> What you need to do:
After finding the line with "Homestyle GB Torino Oak Large Plasma Unit", restate it and each remaining line of the material word for word, omitting every picture.

--- Data provided Enclosed Below ---

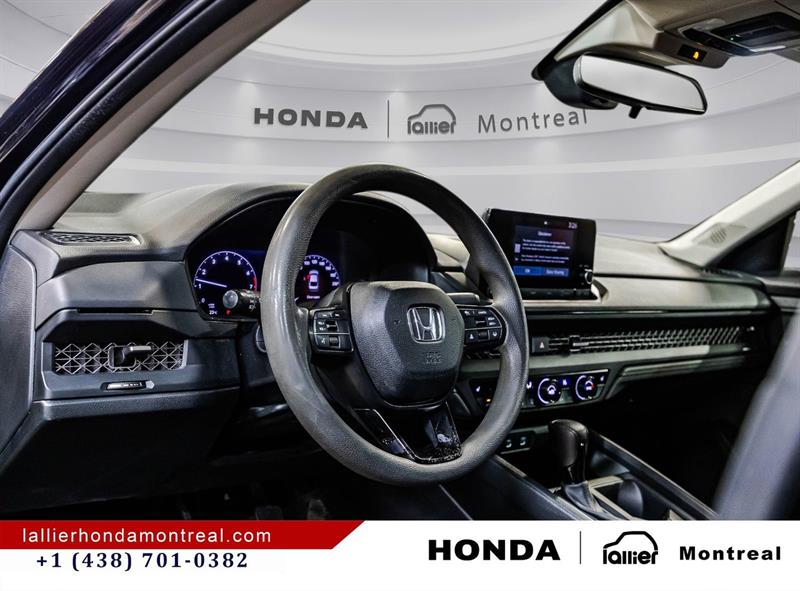 honda Accord Sedan 2023 - 20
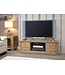 Homestyle GB Torino Oak Large Plasma Unit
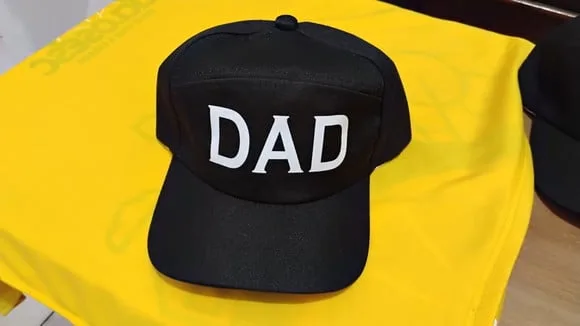 Boné Dia dos Pais - Dad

--- End of Enclosed Data provided ---

> Exercise solution:
 Homestyle GB Torino Oak Large Plasma Unit
 Boné Dia dos Pais - Dad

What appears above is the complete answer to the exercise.